- Opening Delimiter -
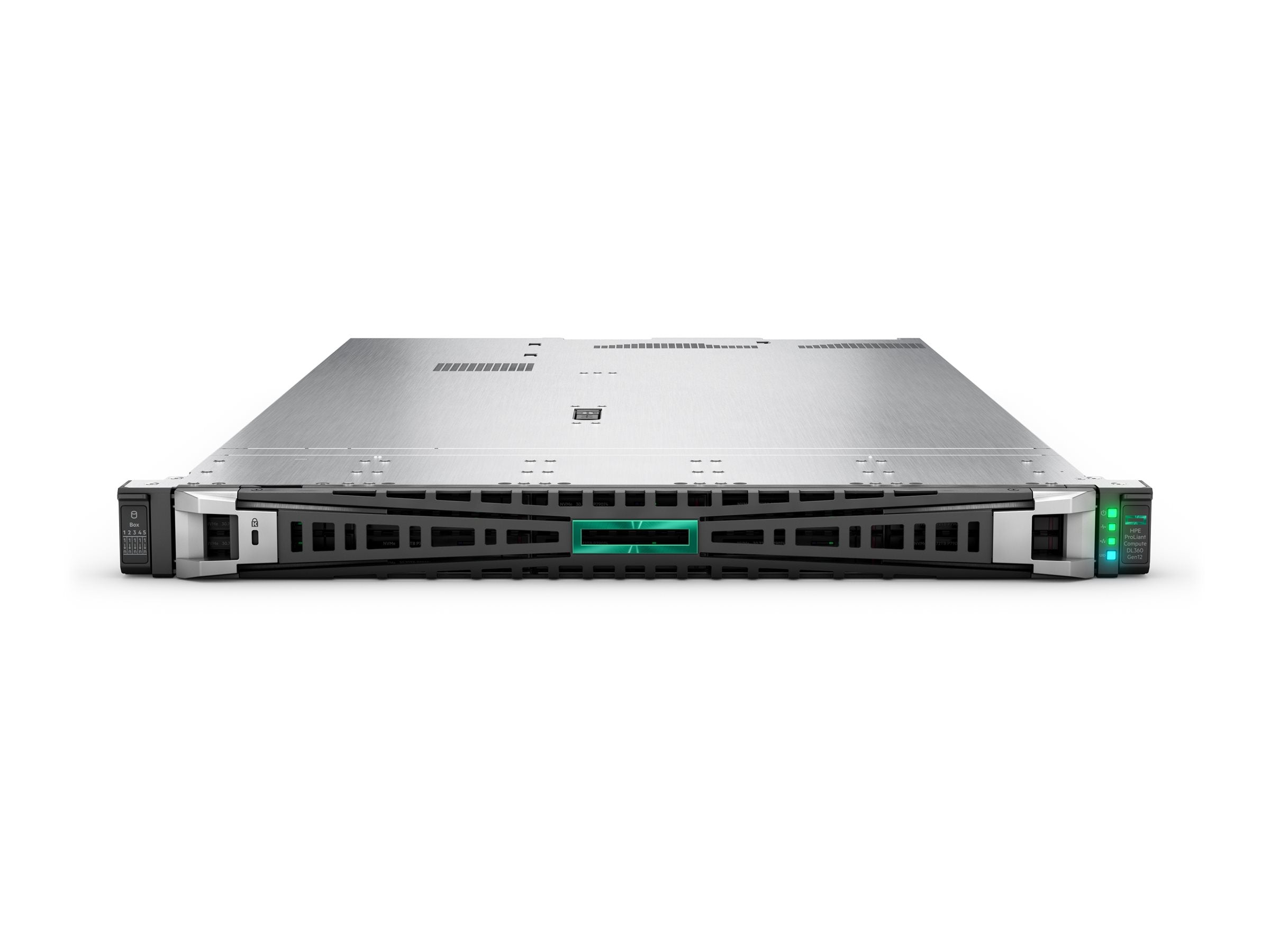 HPE ProLiant DL360 Gen12 1HE 6507P 8-Core 3.5GHz 2x32GB-R 8SFF Hot Plug MR408i-o 2x480GB SSD 2x1000W Server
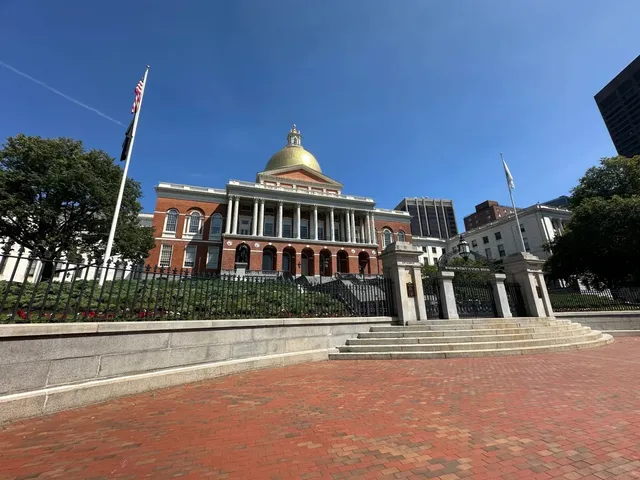 🏛️ The Freedom Trail – Boston’s 2.5-Mile Time Machine! 🇺🇸  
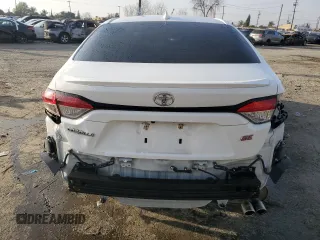 2022 Toyota Corolla SE with VIN JTDP4MCE3NJ085614, listed as a Copart auction lot 43653505 with 41,164 mi miles and Salvage Title. Bid and sale history available at carsss.com. Image 6.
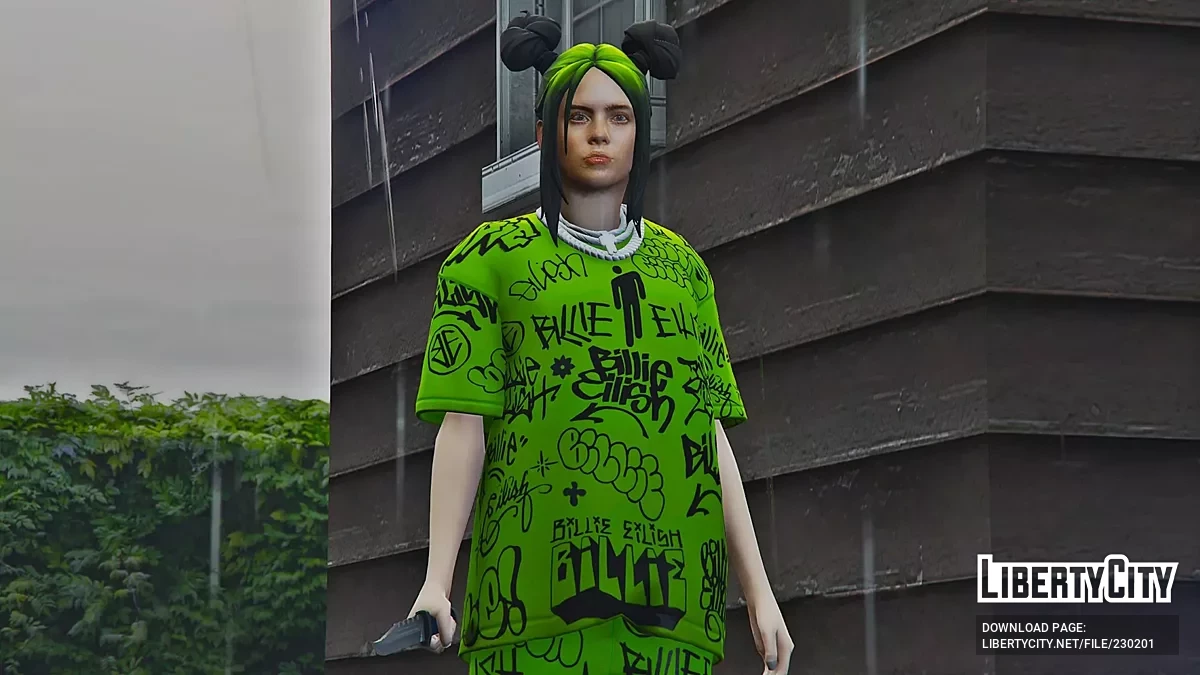 Билли Айлиш [Дополнительный персонаж] / GTA 5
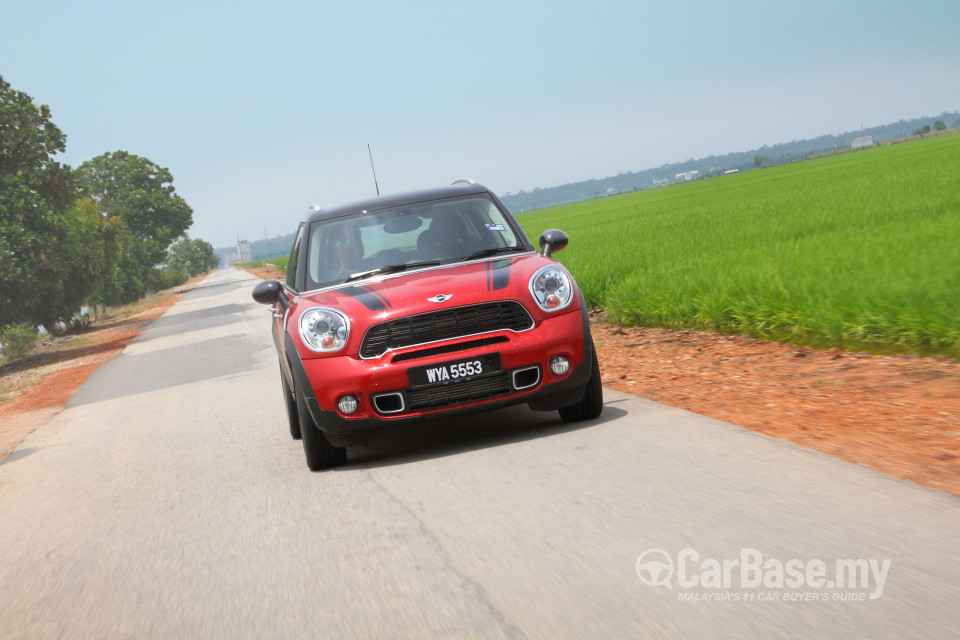 MINI Countryman R60 (2011) Exterior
- Closing Delimiter -
#### [What to produce]
Return each line of the material exactly as written; exclude the pictures.

#### [Completed exercise]
 HPE ProLiant DL360 Gen12 1HE 6507P 8-Core 3.5GHz 2x32GB-R 8SFF Hot Plug MR408i-o 2x480GB SSD 2x1000W Server
 🏛️ The Freedom Trail – Boston’s 2.5-Mile Time Machine! 🇺🇸  
 2022 Toyota Corolla SE with VIN JTDP4MCE3NJ085614, listed as a Copart auction lot 43653505 with 41,164 mi miles and Salvage Title. Bid and sale history available at carsss.com. Image 6.
 Билли Айлиш [Дополнительный персонаж] / GTA 5
 MINI Countryman R60 (2011) Exterior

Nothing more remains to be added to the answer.